Data section Block Start

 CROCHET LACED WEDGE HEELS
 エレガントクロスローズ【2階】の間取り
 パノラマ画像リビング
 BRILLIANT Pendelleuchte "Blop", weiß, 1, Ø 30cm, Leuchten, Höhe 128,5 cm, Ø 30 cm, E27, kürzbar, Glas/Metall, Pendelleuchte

Data section Block End

Instructions for the task: Each line must be given again exactly as written above.

Task solution:
 CROCHET LACED WEDGE HEELS
 エレガントクロスローズ【2階】の間取り
 パノラマ画像リビング
 BRILLIANT Pendelleuchte "Blop", weiß, 1, Ø 30cm, Leuchten, Höhe 128,5 cm, Ø 30 cm, E27, kürzbar, Glas/Metall, Pendelleuchte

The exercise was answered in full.